Honestly, the toughest mandatory move is probably the first one at the put in. Grumpy's is a pretty easy ferry behind the pyramid rock and then just some read and run class 3 boogie water with some intermediate waves and holes. The only real problem here would be if you flip and don't hit your roll fast enough. I haven't seen anyone totally blow the ferry unless they flipped or swam.

Broken Nose I think gets talked up more than it needs to be too. Basically it is a double drop with the bottom drop having a bit of a nasty pourover hole on the right side. Just stay left over both drops and you are fine. There is a weak curler wave between the first and second drop that may try to push you to the right though.

Double Trouble is just a big wave train. Lean forward and paddle hard.

Double suck is easy if you take the easy lead in then run it center-left with left momentum to avoid the sticky second hole in the center.
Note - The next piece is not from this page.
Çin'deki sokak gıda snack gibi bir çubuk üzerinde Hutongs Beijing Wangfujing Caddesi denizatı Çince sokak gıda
Tablesaw is easy and fun if you just run it down the middle and ride the wavetrain.

Hellhole may look big, but really just have some momentum and punch it straight on.

Run the right side of powerhouse.


Of course, there are more difficult lines for all of these, but I think that pretty much sums up the easiest lines for the major rapids. Also, I haven't ran the Middle Ocoee in a few years, so think could have changed with the flooding they have had. You could always run the pigeon first to see if you are ready to step up to the Ocoee.